*** Block opens ***

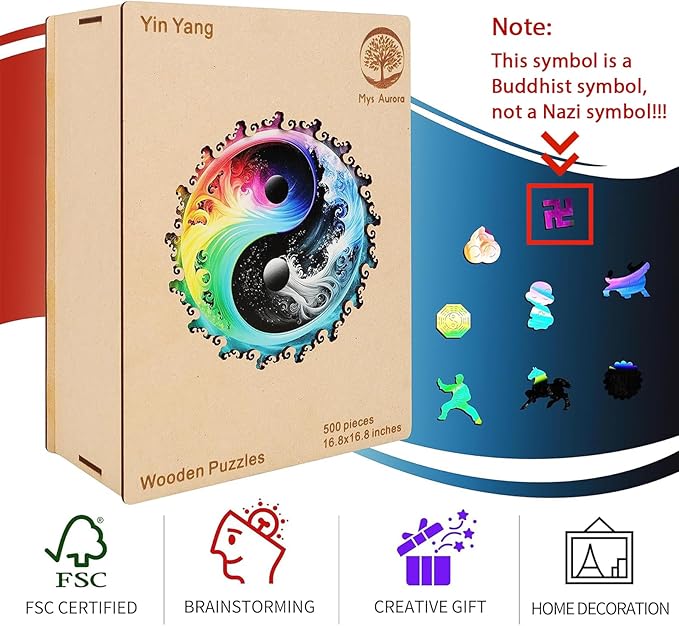Unique Wooden Jigsaw Puzzles - Yin Yang Mandala, 500 Pcs King Size 16.8" x 16.8", Original Mandala Wood Puzzle, Beautiful Package, Best Gift for Adults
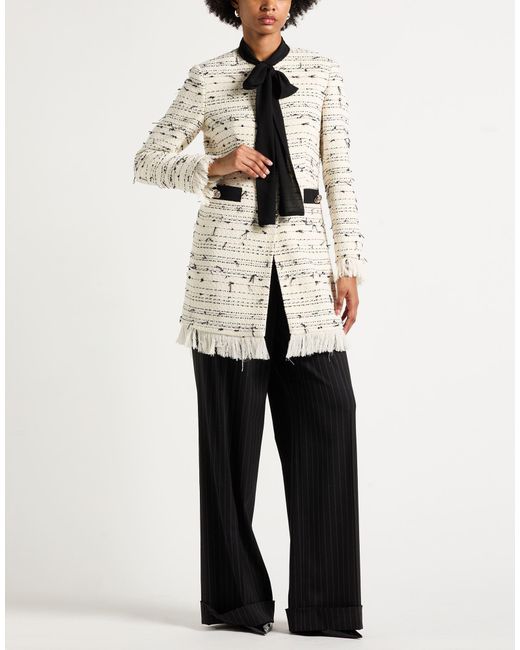 Liu Jo White Coat Cotton, Acrylic, Polyamide, Polyester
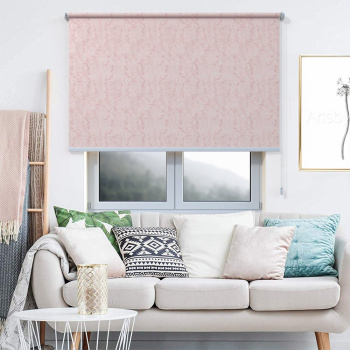 Рулонная штора «Toledo» ø28 фурнитура Белая. Ткань коллекции «Шелк» Персик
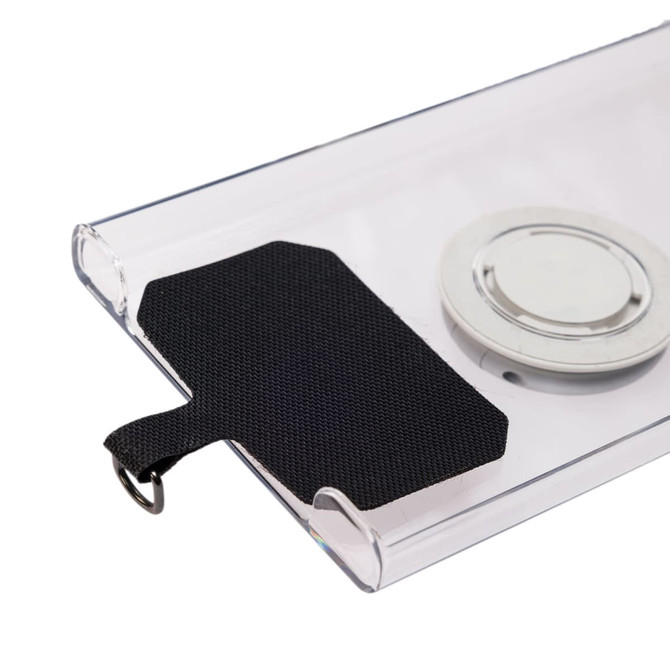 A black phone lanyard with a metal ring, designed to attach to a mobile phone case. The case is transparent.
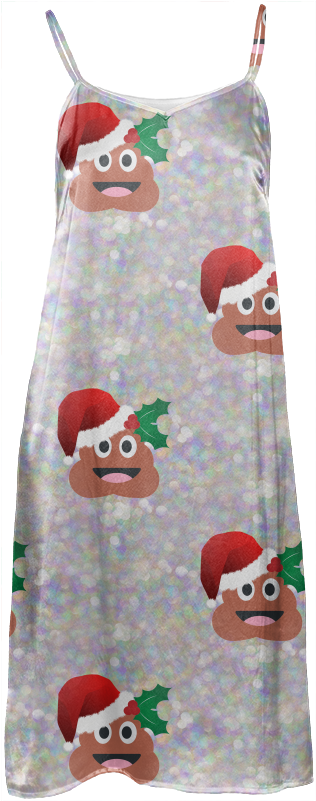Santa Poop Emoji Slip Dress $114 - Cafepress Santa Christmas Poop Emoji Iphone 6 Tough (400x821), Png Download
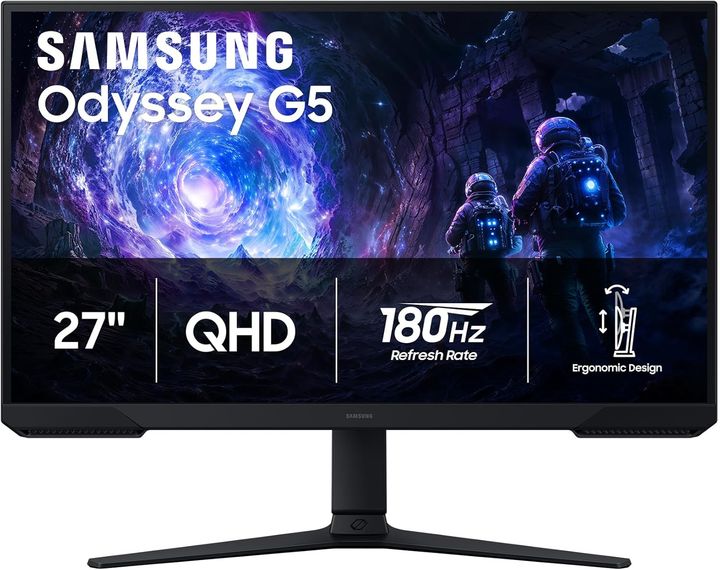 Samsung 27" Odyssey G5 (G51F) Gaming Monitor - QHD (1440P), 180Hz, 1ms, AMD FreeSync, HDR10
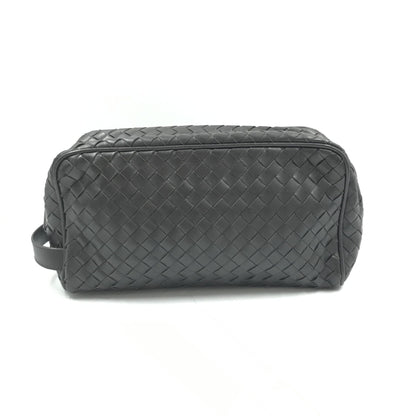 Bottega Veneta Woven Leather Cosmetic Bag, Black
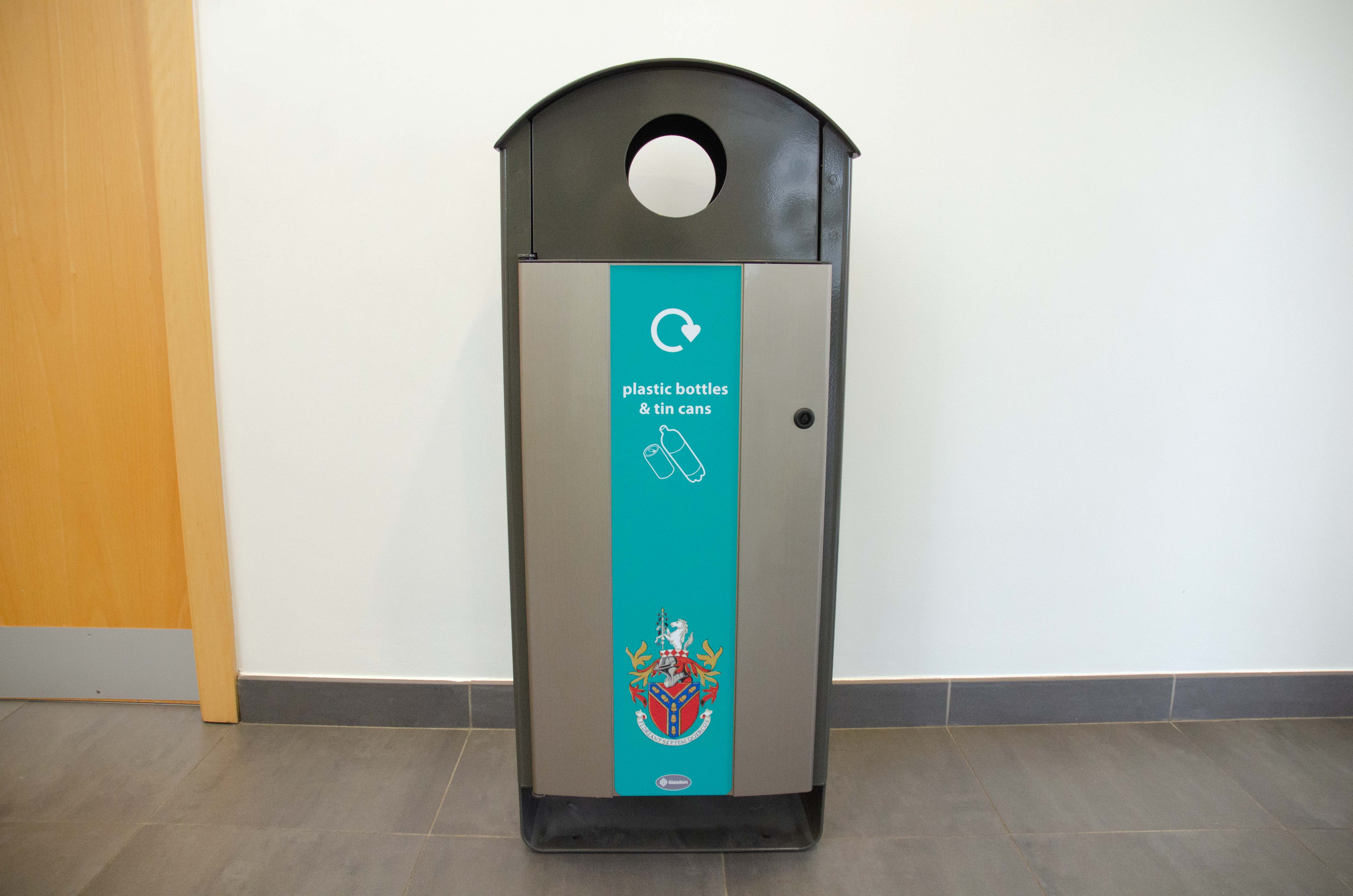 Electra™ Curve 60 Recycling Bin with personalised front vinyl graphics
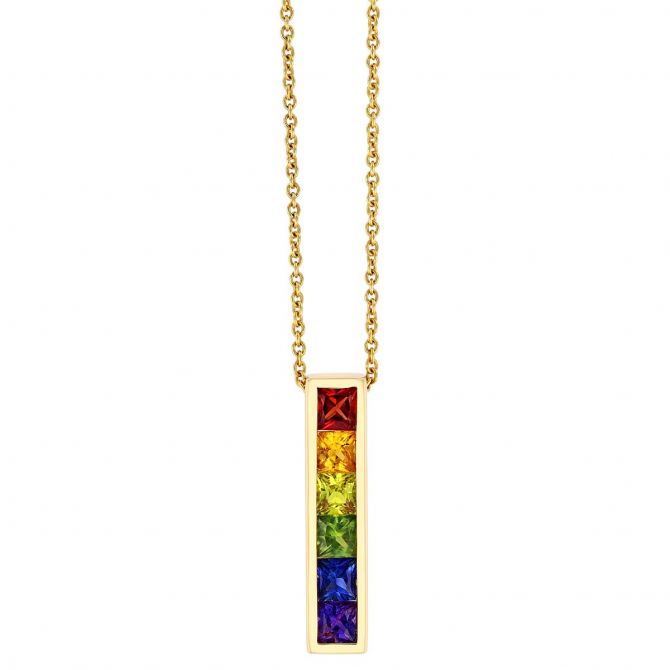 Princess Cut Multicolored Sapphire Channel Set Pendant in Yellow Gold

*** Block closes ***

_Action item:_ Print exactly the lines between the line containing "A black phone" and the last line of the entries above, including both, and nothing besides; skip the pictures.

_Task result:_
 A black phone lanyard with a metal ring, designed to attach to a mobile phone case. The case is transparent.
Santa Poop Emoji Slip Dress $114 - Cafepress Santa Christmas Poop Emoji Iphone 6 Tough (400x821), Png Download
 Samsung 27" Odyssey G5 (G51F) Gaming Monitor - QHD (1440P), 180Hz, 1ms, AMD FreeSync, HDR10
 Bottega Veneta Woven Leather Cosmetic Bag, Black
 Electra™ Curve 60 Recycling Bin with personalised front vinyl graphics
 Princess Cut Multicolored Sapphire Channel Set Pendant in Yellow Gold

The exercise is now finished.